Ella sabía que Leon estaba intentando organizar una mudanza para luego vender la casa. Debía de ser horrible pasarse el día revolviendo en las pequeñas y grandes cosas que se acumulan a lo largo de la vida de una familia: premios y certificados deportivos de las niñas, dibujos y figuritas que hicieron, sus primeros dientes, sus libros de colores y los vestiditos de sus muñecas. Las tazas en que cada mañana tomaban la leche del desayuno, las mochilas del colegio, los vestidos… Y las cosas de Patricia. Sus pantalones, jerséis y vestidos, sus chándales y sus zapatillas de deporte. Sus artículos de cosmética, los álbumes de fotos que evocaban la felicidad de la familia, las cartas de amor que se escribían en su época de novios. Su camisón preferido, el calendario en el que anotaba las citas más importantes, las visitas al ginecólogo y los cumpleaños, sus libros y CD, sus zapatos y bolsos. Y todos los cuadros, esculturas y vasijas con que tan ostentosa y ruinosamente había decorado la casa…

Nada de lo que Leon tocase dejaría de traerle algún recuerdo. Nada lo dejaría impasible. Era su pasado. Su vida. Su familia.

—Estoy tirándolo todo —le dijo, casi leyéndole el pensamiento—. ¿Qué puedo necesitar? Al principio pensé en llamar a una empresa de mudanzas, darles la llave de la casa, irme y volver cuando la hubieran vaciado. Habría sido lo más fácil…

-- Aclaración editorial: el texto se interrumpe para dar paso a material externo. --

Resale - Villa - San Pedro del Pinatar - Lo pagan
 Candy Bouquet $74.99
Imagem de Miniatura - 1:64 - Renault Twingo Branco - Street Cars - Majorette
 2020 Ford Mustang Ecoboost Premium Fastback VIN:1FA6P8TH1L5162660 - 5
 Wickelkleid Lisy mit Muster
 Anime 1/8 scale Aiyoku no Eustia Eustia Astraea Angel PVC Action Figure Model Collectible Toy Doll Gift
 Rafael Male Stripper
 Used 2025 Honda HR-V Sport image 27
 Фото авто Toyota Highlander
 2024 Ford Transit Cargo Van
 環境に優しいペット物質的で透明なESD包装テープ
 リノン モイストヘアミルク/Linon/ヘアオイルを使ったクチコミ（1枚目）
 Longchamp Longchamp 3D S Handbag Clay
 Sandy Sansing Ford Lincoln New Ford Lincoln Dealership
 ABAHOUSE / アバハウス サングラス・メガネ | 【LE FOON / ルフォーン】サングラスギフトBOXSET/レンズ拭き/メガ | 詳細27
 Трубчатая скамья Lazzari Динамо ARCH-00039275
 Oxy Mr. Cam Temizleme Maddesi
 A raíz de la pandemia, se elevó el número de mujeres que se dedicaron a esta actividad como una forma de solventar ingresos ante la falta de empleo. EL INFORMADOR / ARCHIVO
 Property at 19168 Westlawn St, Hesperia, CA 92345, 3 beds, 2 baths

El camarero trajo el vino y las cartas. Leon bebió un sorbo con un movimiento más bien mecánico.

—Pero no pude. No me vi capaz de dejar en manos de unos desconocidos lo único que me queda de ellas. Tuve la sensación de que se lo debía, de que tenía que tocarlo todo, mirarlo todo… despedirme de todo.

—Te entiendo —dijo Jessica.

Pensó que no tenía sentido volver a sacar el tema de Evelin. Leon estaba en un lamentable estado psicológico. Había supuesto que él seguiría furioso con Phillip Bowen y que sólo por eso haría todo lo posible por que liberasen a Evelin, pero la muerte de Sophie lo había cambiado. Ya no se trataba de saciar su sed de venganza o justicia, de meter entre rejas a quien había acabado con su familia. No, ahora era como él mismo había dicho: necesitaba de todas sus fuerzas para no tirar la toalla. Había sido un golpe demoledor. No podía ver más allá del atardecer de cada día. Sólo podía preocuparse por sí mismo. Todos sus esfuerzos estaban dirigidos a superar la pesadilla que le había tocado en suerte. De todos ellos, él era quien había recibido el golpe más duro.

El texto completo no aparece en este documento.